Each slit is displaced by \(b/2\) from the centre. Recall that a centrally placed slit gives us \[ E = \frac{Aa}{R}\frac{\sin\beta}{\beta}e^{i\left(kR-\omega t\right)}. \] Using the same logic as for the single slit case, a slit displaced by \(b/2\) produces \[ E = \frac{Aa}{R}\frac{\sin\beta}{\beta}e^{i\left(kR-\omega t \pm \alpha\right)} \] where \[ \alpha = \frac{1}{2}kb\sin\theta. \] Summing the waves from the two sources produces \[ \begin{aligned} E &= \frac{Aa}{R}\frac{\sin\beta}{\beta}e^{i\left(kR-\omega t - \alpha\right)} + \frac{Aa}{R}\frac{\sin\beta}{\beta}e^{i\left(kR-\omega t + \alpha\right)}\\ &= \frac{Aa}{R}\frac{\sin\beta}{\beta}e^{i\left(kR-\omega t\right)}\left(e^{i\alpha} + e^{-i\alpha}\right)\\ &= \frac{2Aa}{R}\frac{\sin\beta}{\beta}e^{i\left(kR-\omega t\right)}\cos\alpha. \end{aligned} \] The intensity is now given by¹⁷ \[ I(\theta) = I(0)\left(\frac{\sin^2\beta}{\beta^2}\right)\cos^2\alpha. \]

¹⁷ The intensity at \(\theta = 0\) is now four times what it was for a single slit. (I.e. this is a different \(I(0)\).)

Setting \(b = 3a\), this produces the graph shown in figure 6.8.

Figure 6.8: A plot of light intensity against \(\beta\), for the two slit experiment with \(b = 3a\).

The black curve here ignores the factor of \(\cos^2\alpha\) and is the same shape as that from the single-slit experiment.
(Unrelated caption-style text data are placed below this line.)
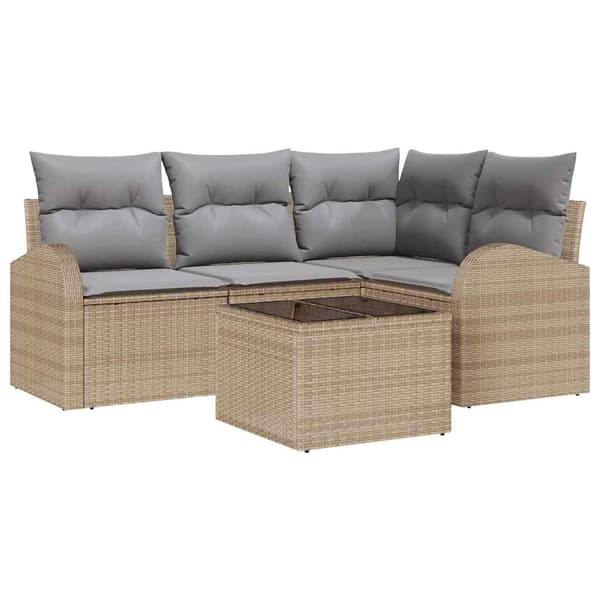 vidaXL Trädgårdsoffset Beige konstrotting Beige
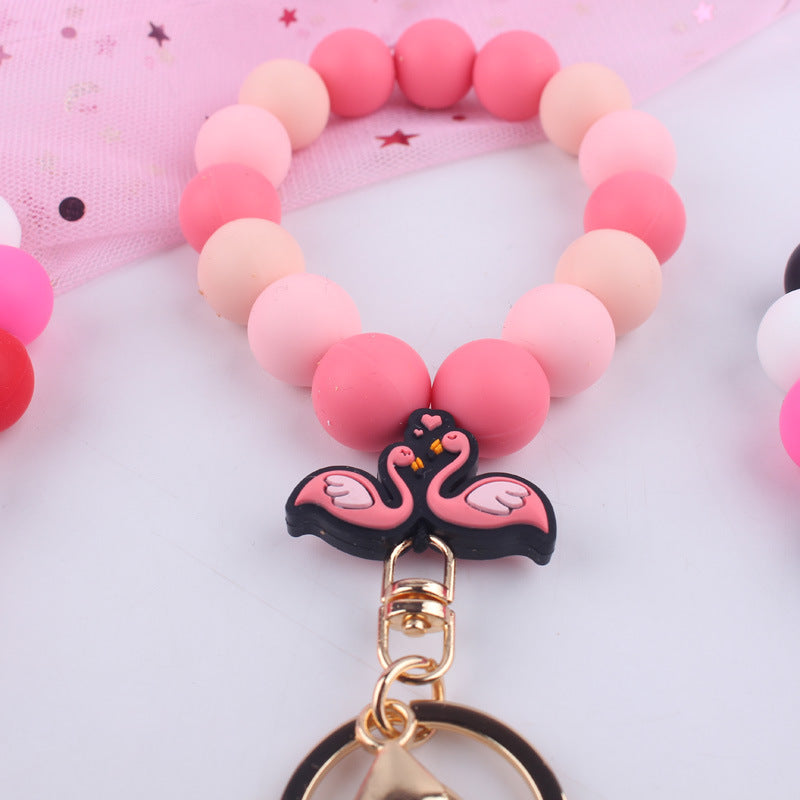 Wholesale Cartoon Valentine's Day Swan keychain accessories creative  wristlet keychain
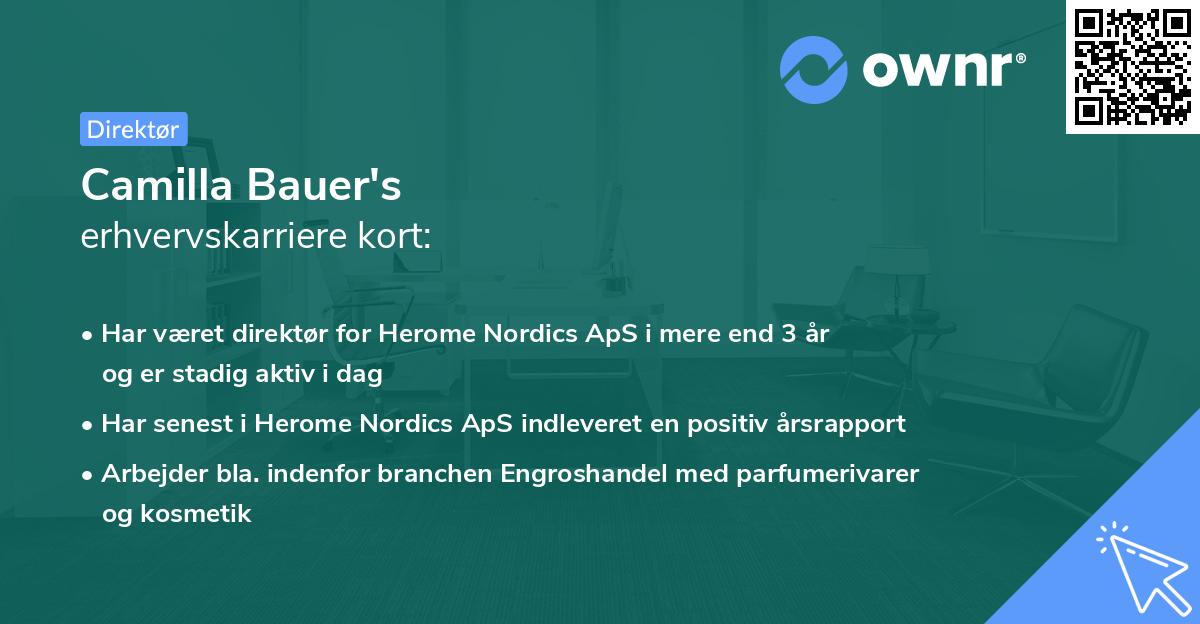 Camilla Bauer's erhvervskarriere kort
The cosine part of the formula oscillates more rapidly¹⁸. Multiplying the two parts produces the blue curve.

¹⁸ Since \(\alpha = 3\beta\) in this case.

Notice that where we would expect the third peak from the centre to appear, at \(\beta = \pm\pi\), the peak has been squashed by the black curve. If we make the slits narrower but maintain the slit separation, then we stretch the black curve horizontally and obtain a more familiar interference pattern with bands of similar intensity, as shown in figure 6.9.

Figure 6.9: A plot of light intensity against \(\beta\), for the two slit experiment with \(b = 3a\).